Cytokine Gene Polymorphism
Dr. Joannis Mytilineos presented the Cytokine Gene Polymorphism (CGP) study.
It was recommended that CGP analysis be prioritized for donor-recipient pairs having LCL due to the need for additional genomic DNA. Dr. Mytilineos estimates that 15 mg will be required to test all polymorphisms.
Discussion centered on the need to confirm appropriate consenting for human subjects. Dr. Petersdorf requested regional coordinators forward their IRB approved consent forms to the IHWG.
NK - KIR
Dr. Bo Dupont presented the aims of the NK component. A collaborative study of NK - KIR matching in clinical outcome with the Transplantation component represents an important workshop endeavor.
Collaborative Study of Project 5 and Project 9
Role of Donor-Recipient NK-KIR Genotype Matching in
Clinical Outcome after Allogeneic Stem Cell Transplantation
Hypotheses
1. The donor NK-KIR genotype confers cytolytic effector activity against host leukemic cells.
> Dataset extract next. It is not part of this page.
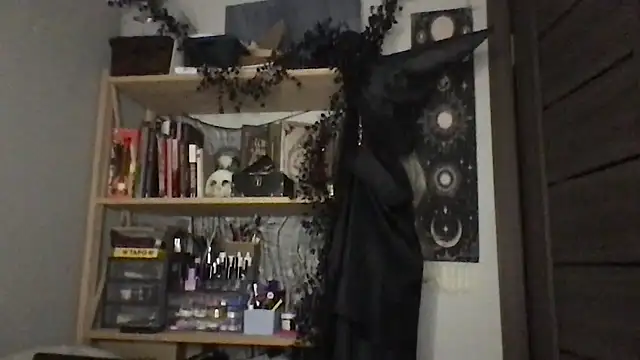 Snapshot of Yuna5343 chatting on February 28, 2026, 9:27 pm Yuna5343 online show from February 28, 2026, 9:27 pm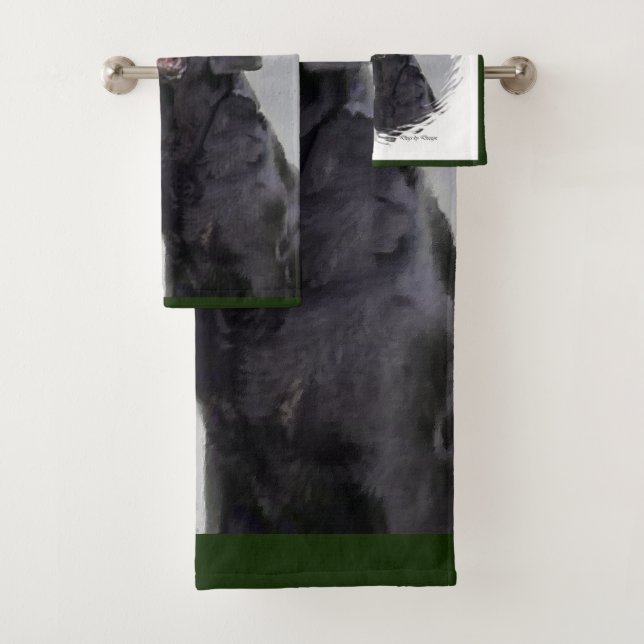 Labrador Retriever with Santa Christmas Bath Towel Set (Insitu)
a. The risk of post-transplant relapse is increased in the presence of donor-recipient KIR identity.
b. The pre-transplant donor-recipient genotype can be used to predict patients who may have higher risk of post-transplant relapse.
2. The lack of NK-KIR inhibition by host NK cells increases the risk of graft failure.
a. Donor-recipient NK-KIR genotypic non-identity predicts for increased risk of graft failure.
b. The pre-transplant donor-recipient NK-KIR genotype can be used to predict patients who are at higher risk for graft failure.
Study Design
1. Study population for hypothesis #1: CML, AML, ALL
a. Unrelated donor transplants identical for MHC class I genes.
b. Haploidentical related transplants
c. HLA genotypically-identical sibling transplants having available family studies
2. Study population for hypothesis #2 (no restriction to diagnosis)
a. Unrelated
b. Haploidentical related
c. HLA genotypically identical sibling
3. Clinical Data Requirements
a. definition of engraftment and relapse (parameters)
b. transplant regimens
c. post-grafting immunosuppression regimens
d. treatment regimens for leukemic relapse (identify use of DLI; identify withdrawal of immunosuppression)
e. treatment regimens for graft failure (autologous re-infusion; second transplantation)
4. Methodology
a. Collection of genomic DNA from eligible donor-recipient transplant pairs (study those having complete clinical data and complete class I and II genotyping)
b. Genotyping of donor-recipient pairs and all available family members for NK-KIR
c. Definition of match status for KIR
d. Definition of clinical endpoints for relapse, disease-free survival, and graft failure
e. Statistical methods for cumulative incidence of relpase, Kaplan-Meier probability of disease-free survival, survival; rates of graft failure. Multivariable regresion models to account for known factors affecting relapse (including but not restricted to disease and stage; transplant regimens) and graft failure (including but not restricted to degree of MHC compatibility; stem cell dose; transplant regimens)
Communications
Dr. Petersdorf proposes that in addition to one-on-one communication via e-mail, the HCT component has reached a level of progress requiring group communication. She proposes a quarterly HCT e-mail newsletter to update regional activity, technical issues, etc. These quarterly updates will also be useful in preparing the annual summary reports required by the NIH.
We will post all notices for upcoming committee meetings on the website.